Caching Networking.LocalPlayer
Some programmers like to cache the local player for later use, for instance by adding a private member private VRCPlayerAPI _localPLayer;
then setting the local player _localPlayer = Networking.LocalPlayer;
in Start()
Let's see how it affects the performance :
public override void Benchmark1()
{
VRCPlayerApi localPlayer = Networking.LocalPlayer;
for (int i = 0; i < 10000; i++)
{
string name = localPlayer.displayName;
}
}
public override void Benchmark2()
{
for (int i = 0; i < 10000; i++)
{
string name = Networking.LocalPlayer.displayName;
}
}
B1 : 15.097 ms
B2 : 18.251 ms (1.20 times slower)
Caching the local player can improve the performance if the local player is used multiple times in the script.
This does not only apply to Networking.LocalPlayer! for instance if you need to access the Transform of a particular GameObject it might be interesting to cache the Transform for later use:
Transform myTransform;
void Start()
{
myTransform = myGameObject.transform;
}
void Update()
{
//this is more performant than "myGameObject.transform.position"
//especially if the transform is used multiple times, like in this Update()
myTransform.position = newPosition;
}
The "ref" keyword
U# now supports the "ref" keyword, which is really cool! For those who don't know what the "ref" keyword does, I'll link the C# documentation here : https://learn.microsoft.com/en-US/dotnet/csharp/language-reference/keywords/ref
But does it affect the performance in U#?
private void FunctionRef(ref int a)
{
a = 1;
}
private int FunctionRet(ref int a)
{
return 1;
}
public override void Benchmark1()
{
for (int i = 0; i < 50000; i++)
{
int a = 0;
FunctionRef(ref a);
}
}
public override void Benchmark2()
{
for (int i = 0; i < 50000; i++)
{
int a = 0;
a = FunctionRet();
}
}
Both methods do the same thing, setting a variable a
to 1, but the first script passes a reference.
B1 : 14.859 ms (1.04 times slower)
B2 : 14.171 ms
Good news! The difference is really negligible, you can safely use "ref" without worrying about performance impacts.

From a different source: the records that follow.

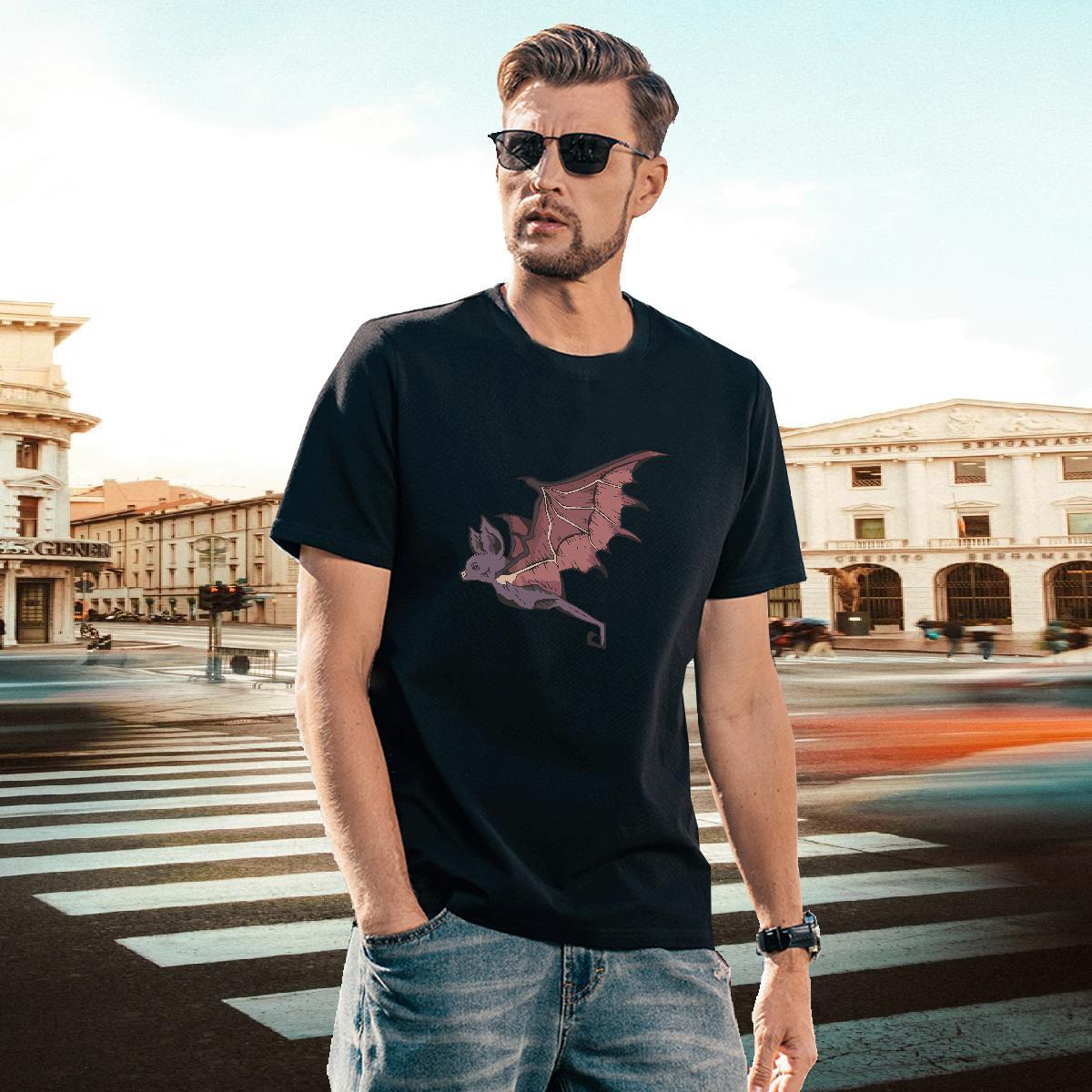 TOP Quality Men Tees 100% Cotton 230g bat T Shirt For Man Spring Summer Short Sleeve Soft Black White 2024 Designer Tops Tees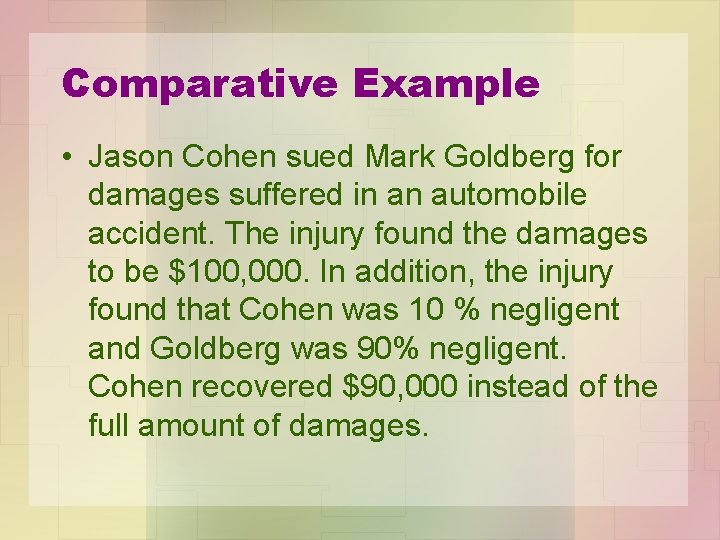 Comparative Example • Jason Cohen sued Mark Goldberg for damages suffered in an automobile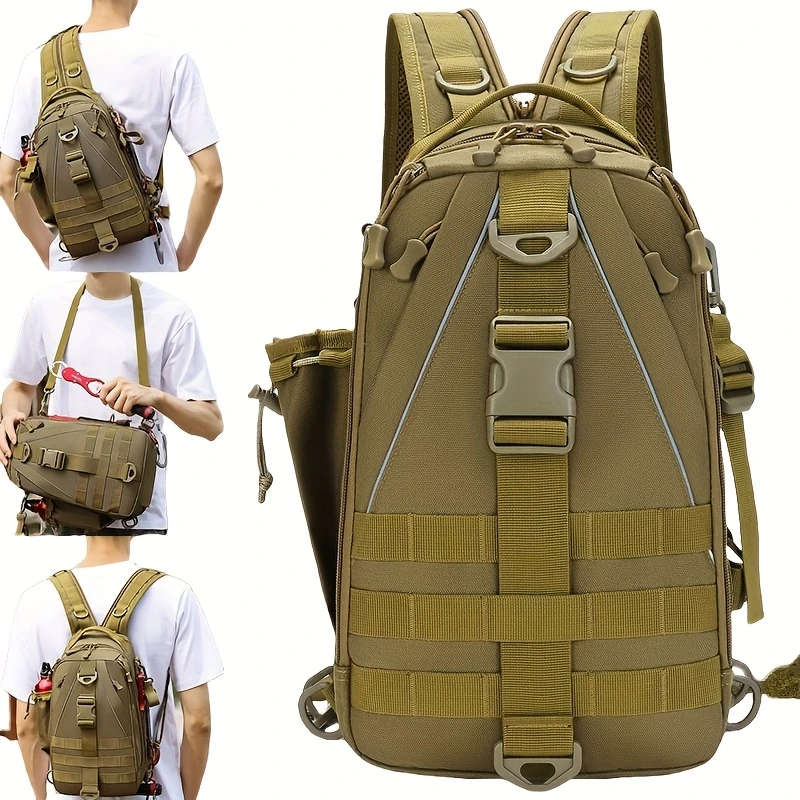 1pc Men'S Large Capacity Outdoor Backpack Durable Nylon Adjustable Strap Zipper Closure Ideal
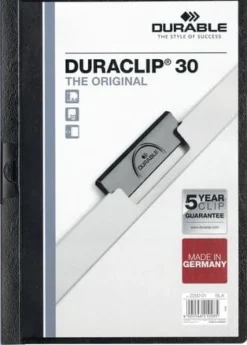Klämmapp DURABLE Duraclip A4 Svart, 30 blad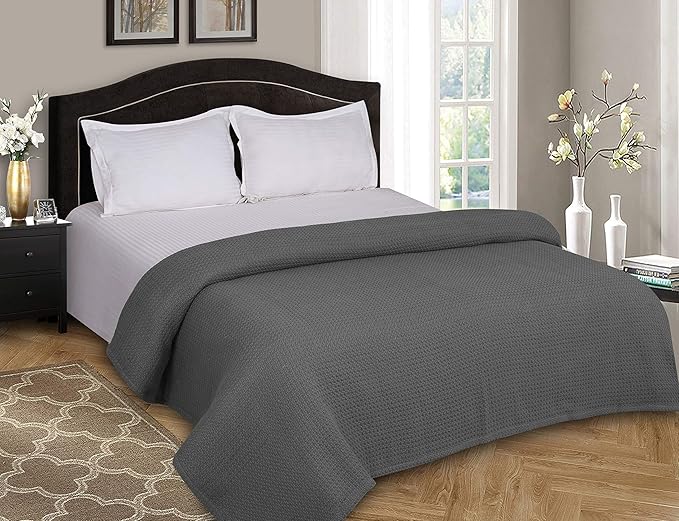 Elvana Home 100% Cotton Bed Blanket, Breathable Bed Blanket Twin Size, Cotton Thermal Blankets Twin, Perfect for Layering Any Bed for All Season, Charcoal Grey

400 Update() calls vs one Update() call iterating 400 times
What would be more performant in Udon?
- 400 GameObjects executing some code every frame with an Update event :
public class EveryFrame : UdonSharpBehaviour
{
void Update()
{
transform.position = Vector3.zero;
}
}
- One GameObject with one Update event, but that Update event iterates though 400 GameObjects
public class EveryFrameHandler : UdonSharpBehaviour
{
public EveryFrameCustomUpdate[] ArrayElements; //this array contains 400 elements
void Update()
{
foreach(var el in ArrayElements)
{
el.CustomUpdate();
}
}
}
public class EveryFrameCustomUpdate : UdonSharpBehaviour
{
public void CustomUpdate()
{
transform.position = Vector3.zero;
}
}
I benchmarked it using the Udon Profiler by Merlin : https://gist.github.com/MerlinVR/2da80b29361588ddb556fd8d3f3f47b5
First example : 0.90ms per frame in average
Second example : 2.06ms per frame in average
There are mostly two reasons explaining this difference :
- For-loops have a noticeable overhead, which I benchmarked here : https://vrclibrary.com/wiki/books/udon-benchmarking-and-performance-tests/page/for-loop
- Executing methods from a separate script also have a noticeable overhead : https://vrclibrary.com/wiki/books/udon-benchmarking-and-performance-tests/page/calling-methods-from-a-separate-script
Out of curiosity, I also replaced the for-loop with 400 lines of code I generated :
// ...
// ArrayElements[0~114].CustomUpdate();
ArrayElements[115].CustomUpdate();
ArrayElements[116].CustomUpdate();
ArrayElements[117].CustomUpdate();
ArrayElements[118].CustomUpdate();
ArrayElements[119].CustomUpdate();
ArrayElements[120].CustomUpdate();
// ArrayElements[120~399].CustomUpdate();
// ...
And I got 1.65ms per frame in average.